沖縄県の米軍普天間飛行場の名護市辺野古移設に反対する市民団体「ヘリ基地反対協議会」は、2026年7月12日から15日にかけて、計約2000件の迷惑メールが送りつけられたと明らかにした。同協議会は、辺野古沖で女子高校生ら2人が死亡する転覆事故が起きた船の運航団体であり、今回の迷惑メールを受け、警察への通報を検討している。
迷惑メールの手口と内容
協議会によると、迷惑メールはウェブサイトの問い合わせフォームの自動返信機能を悪用したものだ。何者かが複数の別団体の問い合わせフォームに、返信先を協議会のメールアドレスに設定して記入。その結果、協議会に「受理を知らせる」自動返信メールが大量に届く仕組みだった。
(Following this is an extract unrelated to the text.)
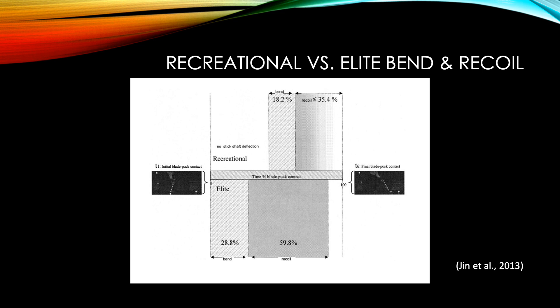This visual depicts the average percentage of time spent in bend and recoil during puck-to-blade contact for elite and recreational hockey players. The recreational player spends 18.2% of puck-to-blade contact in the bend stage and less than or equal to 35.4% in recoil, compared to 28.8% in the bend stage and 59.8% in recoil for the elite athlete. Additionally, the recreational player spent 46.4% of blade-to-puck contact time with no bend in the stick at all, leading to a slower and lower potential energy transfer.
フォームの文面は、事故とは無関係の内容だったという。
被害規模と今後の対応
12日から15日のわずか4日間で約2000件ものメールが届き、協議会の業務に支障をきたしている。協議会は「悪質な嫌がらせ行為であり、看過できない」として、警察への通報を視野に入れている。現時点で送信者の特定には至っていないが、協議会はウェブサイトの問い合わせフォームを一時的に停止するなど、対策を進めている。
背景:辺野古沖転覆事故
この迷惑メール攻撃は、辺野古沖で発生した転覆事故の直後に行われた。同事故では、協議会が運航する船が転覆し、女子高校生ら2人が死亡する痛ましい事態となった。協議会は事故の原因究明や再発防止に取り組む一方、今回の迷惑メールにより、さらなる混乱に見舞われている。